Failing with F5: CMP - Clustered Multiprocessing

The last Whiteboard Wednesday tackled a few of the gotchas of the F5 CMP implementation. I take that as an opportunity to finish a blog post I started to write six month ago on this topic.

I've run into two scenarios where CMP got in my way:

Enforcing strict connection limits, especially with very low numbers of connections.
Application health checks and the time you've to take into account until you receive no new connections to a pool node.

All of this happened on TMOS 11.4.1+HF run on BigIP 2K systems. Since F5 is sometimes moving very quickly you might not experience those issues on other hardware or with a different software release.

applying low and strict connection limits

Apparently connection limits are counted on a per tmm level and are not shared between the tmm processes running on different CPUs. So if you've two CPU cores with HT you'll see four tmm processes that will all enforce the connection limit. If you have a max connection limit set to two you might still see a maximum of eight connections. That is a very bad thing if you abuse the F5 to limit your outbound connections because your counter part is not able to enforce connection limits, but forces you via a contract to not open more then two connections. Disable CMP and it will all end on the same tmm process and suddenly your connection limits work as expected.
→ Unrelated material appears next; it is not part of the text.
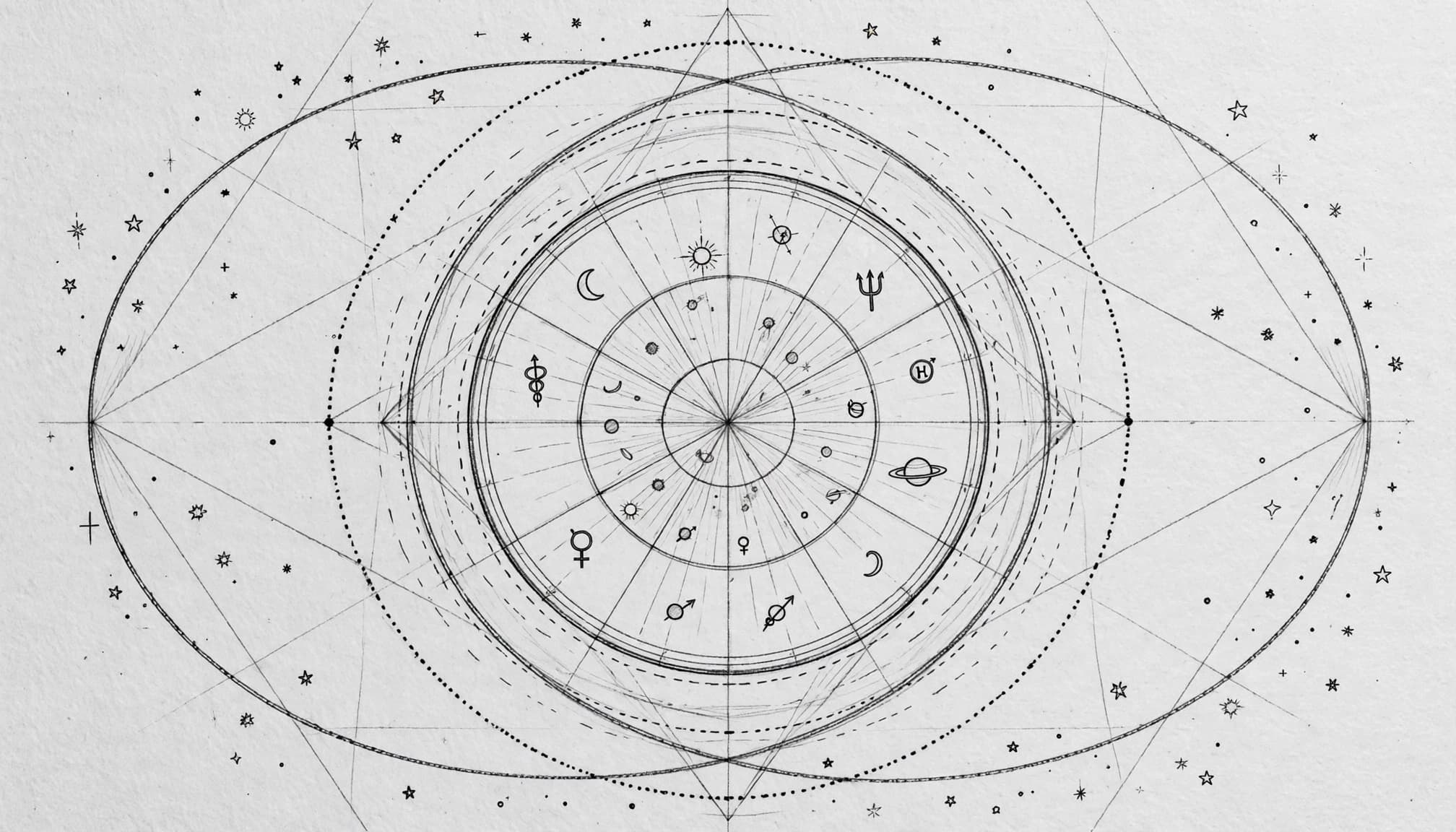 Ručně kreslený astrologický graf s planetárními symboly a oběžnými dráhami na papíře.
If your connection limit is big enough you can cheat, say it's twelve connections, you can configure a limit of three. With four processes that makes a max of twelve connections as required. Though due to the hashing and distribution among the tmm processes it could happen that you reject connections on one process while others are idle. Another option would be to enter the dirty land of iRules and tables to maintain your own connection count table. There are examples given in the F5 devcentral community, but the best resolution you can get, without starting to scan the whole table on every request, is X requests per minute.

active health checks

Active monitoring checks were added to detect the operational state of our application servers. Now imagine you have some realtime processing with over a hundred requests per minute. So in case you've issues with one instance you'd like to remove it from the pool rather sooner then later, which requires frequent checking. So here is a simple active http check:

defaults-from http-appmon
destination *:*
interval 9
recv "^HTTP/1\\.1 200 OK"
send "GET /mon/state HTTP/1.1\\r\\nHost: MON\\r\\nConnection: Close\\r\\n\\r\\n"
time-until-up 0
timeout 2
up-interval 1

(Configuration options are described here)

With an up-interval of 1 second and a timeout of 2 seconds someone naive like me expected that a fatal issue like a crashed application would be detected within three seconds and no more requests should hit the application after second 3. That turned out to be slightly longer, at least 4s for this case, often longer. Also for a regular maintenance we had to instruct our scripts to flip the application monitor to unavailable and wait for interval X tmm process count + timeout + 1s + max allowed request duration. That is not an instant off.

If you use tcpdump (on the F5 where it's patched to show you the tmm that received the request) to look at the health check traffic you'll notice that the tmm threads pass around the handle to do a health check. So my guess is the threads do only sync the health check state of the application when they're due to run the health check. Makes sense performance wise but if you operate with longer timeouts and bigger intervals you will definetly loose a notable amount of requests. Even in our low end case we already loose a notable amount of requests in 4s. While you could resent them you never know exactly if a request was already processed or not. So you have to ensure that somewhere else in your stack.

One option is to disable CMP but I guess that's not an option for most people that are required to scale out to handle the load and not only for the sake of redundancy. If you're running the balancer only for the sake of redundancy the choice is easy.

You find a hint on this kind of issue if you lookup the documentation for the inband monitor: Note: Systems with multiple tmm processes use a per-process number to calculate failures, depending on the specified load balancing method. That case is a bit different due to the nature of the monitor but points in the same direction.

The actual check is executed by bigd according to this document, so I'm pretty sure I'm still missing some pieces of the picture. Just be warned that you've to really test your outage scenarios and you should double check it if you run a transaction based service that is sensitive to lost requests.